Question

Length of a rectangle is 20 cm and its breadth is 4 cm. When a new rectangle is formed by changing the length and breadth, its perimeter decreased by 8 cm and area increased by 16 sq.cm. Find the change in its length and breadth ,

Answer 1

Answer:

12,8

Step-by-step explanation:

Length = 20

Breadth = 4

Perimeter = 2(L+B) = 2*24 = 48

Area = 20*4 = 80

New Perimeter = 48-8 = 40

New area = 80+16 = 96

If the new length is x, the new breadth will be (40-2x)/2 = 20-x

so x(20-x) = 96

x will be 8

so the new length and breadth will be 12 and 8

Answer 2

GIVEN :-

• Length of the original rectangle is 20 cm and its breadth is 4 cm .

• A new rectangle is formed by changing the length and breadth .

• Perimeter of the new rectangle is decreased by 8 cm .

• Area of the new rectangle is increased by 16 cm² .

TO FIND :-

• Change in its length and breadth .

SOLUTION :-

    Perimeter of the original rectangle = 2 ( 20 + 4 )

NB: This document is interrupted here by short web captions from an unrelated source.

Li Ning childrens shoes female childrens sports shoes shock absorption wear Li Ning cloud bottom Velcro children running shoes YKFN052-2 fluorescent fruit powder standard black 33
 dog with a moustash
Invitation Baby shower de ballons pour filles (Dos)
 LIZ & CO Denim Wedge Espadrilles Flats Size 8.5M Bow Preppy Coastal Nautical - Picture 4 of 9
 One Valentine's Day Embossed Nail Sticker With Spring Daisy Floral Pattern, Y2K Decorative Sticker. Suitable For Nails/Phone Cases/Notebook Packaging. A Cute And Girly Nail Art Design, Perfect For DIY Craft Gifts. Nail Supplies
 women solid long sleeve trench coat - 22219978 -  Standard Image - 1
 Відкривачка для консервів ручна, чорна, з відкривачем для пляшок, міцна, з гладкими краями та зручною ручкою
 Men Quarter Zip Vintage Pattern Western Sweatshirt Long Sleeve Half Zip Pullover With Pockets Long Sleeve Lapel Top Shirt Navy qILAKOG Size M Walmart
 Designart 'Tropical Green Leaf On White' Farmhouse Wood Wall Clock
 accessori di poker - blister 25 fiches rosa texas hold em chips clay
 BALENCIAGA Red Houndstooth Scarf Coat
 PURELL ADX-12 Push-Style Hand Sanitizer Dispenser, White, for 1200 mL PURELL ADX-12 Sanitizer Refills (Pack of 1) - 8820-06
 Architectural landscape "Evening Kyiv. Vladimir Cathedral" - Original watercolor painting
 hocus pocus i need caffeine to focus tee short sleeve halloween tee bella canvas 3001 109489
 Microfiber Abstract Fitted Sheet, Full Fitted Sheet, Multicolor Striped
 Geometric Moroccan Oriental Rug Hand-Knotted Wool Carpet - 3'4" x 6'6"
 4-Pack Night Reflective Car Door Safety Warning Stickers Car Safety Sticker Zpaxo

                                                               = 2 × 24

                                                               =  48 cm

        Area of the original rectangle = 20 × 4

                                                          = 80 cm²

Let the length and breadth be decreased by x and y respectively .

• Perimeter of the new rectangle is ,

                        $\longrightarrow\sf 2(20-x+4-y)=48-8\\\\\longrightarrow 2 \times (24-x-y)=40\\\\\longrightarrow 24-x-y =20\\\\\longrightarrow x+y = 4 \\\\\longrightarrow y = 4-x \ \ \ \ \ \ \ \ \ \ \ \ \ ........(1)$

• Area of the new rectangle is ,

                        $\longrightarrow \sf (20-x)(4-y)=80+16\\\\\longrightarrow 80-20y-4x+xy = 96 \\\\\longrightarrow xy-4x-20y = 16 \ \ \ \ \ \ \ \ \ \ \ \ ..................(2)$

  Put $\sf y=4-x$ in Eq (2) ,

                  $\longrightarrow \sf x(4-x)-4x-20(4-x)=16\\\\\longrightarrow 4x-x^2-4x-80+20x=16 \\\\\longrightarrow x^2-20x+96 =0 \\\\\longrightarrow x^2-12x-8x+96 = 0 \\\\\longrightarrow x(x-12)-8(x-12)=0\\\\\longrightarrow (x-12)(x-8)=0\\\\\longrightarrow \bf x = 12 \ , \ x=8$

• If x = 12 , y = 4 - 12 = -8

• If x = 8 , y = 8 - 12 = -4

If length is decreased by 12 cm , breadth is increased by 8 cm .

If length  is decreased by 8 cm , breadth is increased by 4 cm .

The new dimensions of the rectangle are 12 cm and 8 cm.